Published online by Cambridge University Press: 19 October 2023
Architectural Technicities
Michel Foucault asks us to consider technology in a much broader sense, one that is not confined only to what can traditionally be called the ‘hard sciences’ but wishes to encompass a population of practices, including institutions and practices of governance (Foucault 2000: 364). Foucault advances a concept in which technology is understood as any practical rationality governed by a conscious goal: techne (Foucault 2000: 364). If an artefact and its capacity for niche construction is conceptualised with a focus on its interventive and manipulative agency, then the very concept of technology – the production and control of artefacts – can surpass the binaries between social and material, human and non-human. In Foucault’s words, ‘if one placed the history of architecture back in this general history of techne, in this wide sense of the word, one would have a more interesting guiding concept than by the opposition between the exact sciences and the inexact ones’ (Foucault 2000: 364).
Gilbert Simondon shares similar concerns: at the heart of one of his most important books, On the Mode of Existence of Technical Objects (1958), lies the conflict between culture and technology. According to Simondon, this conflict is based on a fundamental misunderstanding of technology which, at least in cultural terms, positions it as a foreign reality (Simondon 2017: 134).
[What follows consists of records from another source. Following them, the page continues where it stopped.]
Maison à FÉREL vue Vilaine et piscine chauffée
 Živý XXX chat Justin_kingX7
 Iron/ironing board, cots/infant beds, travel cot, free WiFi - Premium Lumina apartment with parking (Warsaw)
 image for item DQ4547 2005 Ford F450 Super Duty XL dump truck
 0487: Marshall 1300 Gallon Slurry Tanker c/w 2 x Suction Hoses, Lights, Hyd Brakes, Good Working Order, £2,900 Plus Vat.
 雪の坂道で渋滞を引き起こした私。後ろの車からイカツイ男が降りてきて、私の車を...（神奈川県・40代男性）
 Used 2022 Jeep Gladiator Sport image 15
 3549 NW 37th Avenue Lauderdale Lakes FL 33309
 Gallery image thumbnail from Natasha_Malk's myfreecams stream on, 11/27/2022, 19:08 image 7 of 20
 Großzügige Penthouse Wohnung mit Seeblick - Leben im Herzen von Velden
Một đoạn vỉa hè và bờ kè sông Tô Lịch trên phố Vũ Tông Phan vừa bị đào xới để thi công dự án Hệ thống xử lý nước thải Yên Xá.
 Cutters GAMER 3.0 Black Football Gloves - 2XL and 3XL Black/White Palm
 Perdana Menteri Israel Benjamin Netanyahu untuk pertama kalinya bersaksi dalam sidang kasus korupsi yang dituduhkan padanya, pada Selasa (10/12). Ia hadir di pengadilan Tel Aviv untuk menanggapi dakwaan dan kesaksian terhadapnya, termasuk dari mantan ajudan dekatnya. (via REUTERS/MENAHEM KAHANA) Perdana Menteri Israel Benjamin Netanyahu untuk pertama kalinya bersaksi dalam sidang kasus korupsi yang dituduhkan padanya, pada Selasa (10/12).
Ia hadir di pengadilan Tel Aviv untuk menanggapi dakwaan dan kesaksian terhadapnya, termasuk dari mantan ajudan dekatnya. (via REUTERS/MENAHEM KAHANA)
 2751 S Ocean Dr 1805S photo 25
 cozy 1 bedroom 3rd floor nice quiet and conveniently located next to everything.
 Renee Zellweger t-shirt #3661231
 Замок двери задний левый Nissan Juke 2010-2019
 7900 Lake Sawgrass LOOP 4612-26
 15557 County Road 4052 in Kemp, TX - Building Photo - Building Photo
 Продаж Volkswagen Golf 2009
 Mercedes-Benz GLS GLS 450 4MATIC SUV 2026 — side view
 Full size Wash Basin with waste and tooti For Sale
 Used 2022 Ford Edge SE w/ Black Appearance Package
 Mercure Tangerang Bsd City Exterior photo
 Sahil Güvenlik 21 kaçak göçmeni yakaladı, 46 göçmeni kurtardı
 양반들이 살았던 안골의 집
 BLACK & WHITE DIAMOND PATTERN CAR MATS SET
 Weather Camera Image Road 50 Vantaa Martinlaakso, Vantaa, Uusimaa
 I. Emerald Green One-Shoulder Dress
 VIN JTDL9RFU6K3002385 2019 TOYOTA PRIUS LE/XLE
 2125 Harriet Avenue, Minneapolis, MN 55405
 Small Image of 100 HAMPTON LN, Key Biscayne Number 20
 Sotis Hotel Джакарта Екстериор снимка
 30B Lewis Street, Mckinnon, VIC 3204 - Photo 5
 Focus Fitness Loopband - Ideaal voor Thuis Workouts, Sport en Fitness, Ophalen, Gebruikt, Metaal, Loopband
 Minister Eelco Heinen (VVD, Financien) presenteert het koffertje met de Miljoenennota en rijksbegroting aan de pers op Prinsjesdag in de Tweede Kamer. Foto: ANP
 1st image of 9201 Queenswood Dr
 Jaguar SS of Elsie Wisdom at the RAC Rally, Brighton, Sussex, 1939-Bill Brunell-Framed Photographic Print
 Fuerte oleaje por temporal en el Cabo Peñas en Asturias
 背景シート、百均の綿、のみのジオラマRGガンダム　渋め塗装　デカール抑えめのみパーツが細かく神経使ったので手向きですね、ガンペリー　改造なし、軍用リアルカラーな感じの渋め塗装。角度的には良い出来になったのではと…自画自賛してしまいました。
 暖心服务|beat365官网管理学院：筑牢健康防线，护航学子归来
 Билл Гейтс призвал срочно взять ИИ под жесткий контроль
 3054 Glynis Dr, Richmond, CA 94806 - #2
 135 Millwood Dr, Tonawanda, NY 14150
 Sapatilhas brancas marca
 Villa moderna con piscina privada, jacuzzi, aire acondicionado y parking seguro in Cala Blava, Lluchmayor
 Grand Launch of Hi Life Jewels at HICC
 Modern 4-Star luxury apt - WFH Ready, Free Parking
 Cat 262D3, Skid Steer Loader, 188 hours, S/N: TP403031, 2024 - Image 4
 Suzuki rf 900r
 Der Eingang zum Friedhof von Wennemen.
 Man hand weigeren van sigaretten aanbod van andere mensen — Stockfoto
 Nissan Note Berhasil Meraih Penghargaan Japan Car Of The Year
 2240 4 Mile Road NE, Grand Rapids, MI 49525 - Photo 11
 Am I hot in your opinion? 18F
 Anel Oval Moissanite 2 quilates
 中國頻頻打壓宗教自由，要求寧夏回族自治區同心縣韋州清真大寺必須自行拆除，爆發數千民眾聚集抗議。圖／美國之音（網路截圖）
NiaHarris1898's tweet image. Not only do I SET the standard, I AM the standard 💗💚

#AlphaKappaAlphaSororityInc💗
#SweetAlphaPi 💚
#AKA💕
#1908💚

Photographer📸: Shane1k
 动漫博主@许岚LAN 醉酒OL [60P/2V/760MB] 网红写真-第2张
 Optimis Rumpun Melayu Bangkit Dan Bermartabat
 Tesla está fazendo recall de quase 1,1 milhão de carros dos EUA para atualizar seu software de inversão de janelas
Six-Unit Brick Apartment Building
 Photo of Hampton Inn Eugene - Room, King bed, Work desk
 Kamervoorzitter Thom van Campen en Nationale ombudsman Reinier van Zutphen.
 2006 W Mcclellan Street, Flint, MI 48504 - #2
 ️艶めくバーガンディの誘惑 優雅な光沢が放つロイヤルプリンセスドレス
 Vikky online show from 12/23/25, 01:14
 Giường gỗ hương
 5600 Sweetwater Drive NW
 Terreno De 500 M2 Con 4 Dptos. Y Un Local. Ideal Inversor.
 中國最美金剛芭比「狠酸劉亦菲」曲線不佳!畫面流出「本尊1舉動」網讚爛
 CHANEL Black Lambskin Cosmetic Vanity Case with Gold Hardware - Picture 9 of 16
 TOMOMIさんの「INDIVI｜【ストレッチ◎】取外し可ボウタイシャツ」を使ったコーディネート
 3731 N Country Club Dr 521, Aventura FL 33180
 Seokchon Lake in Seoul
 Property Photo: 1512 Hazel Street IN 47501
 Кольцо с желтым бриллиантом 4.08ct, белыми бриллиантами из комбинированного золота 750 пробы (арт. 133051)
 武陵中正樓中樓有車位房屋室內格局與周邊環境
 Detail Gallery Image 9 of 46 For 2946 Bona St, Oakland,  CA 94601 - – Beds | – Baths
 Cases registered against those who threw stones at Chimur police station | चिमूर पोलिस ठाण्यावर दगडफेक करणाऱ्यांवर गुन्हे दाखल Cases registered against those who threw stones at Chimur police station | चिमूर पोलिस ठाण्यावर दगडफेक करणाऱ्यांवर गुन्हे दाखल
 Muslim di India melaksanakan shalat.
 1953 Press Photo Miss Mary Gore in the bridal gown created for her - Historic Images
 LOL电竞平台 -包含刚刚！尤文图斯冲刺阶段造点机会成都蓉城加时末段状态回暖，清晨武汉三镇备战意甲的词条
For that reason, Simondon proposes the term ‘technical culture’, suggesting a way of thinking which surpasses that conflict. The point of departure for a way of thinking which no longer considers technology and culture apart is a shift of focus from the usage and utility of technical objects. Aiming to provoke an awareness of the modes of existence of technical objects, one should instead focus on the genesis of the objects themselves (Simondon 2017: xi).
Simondon does this by developing the concept of technicity. For Simondon, technicity is fully relational, abductive and deals with a constant becoming. If one aims to avoid reductionism, then, Simondon advises us, one should also study beyond the technical objects to the technicity of these objects as a mode of relation between human and world (Simondon 2017: 162).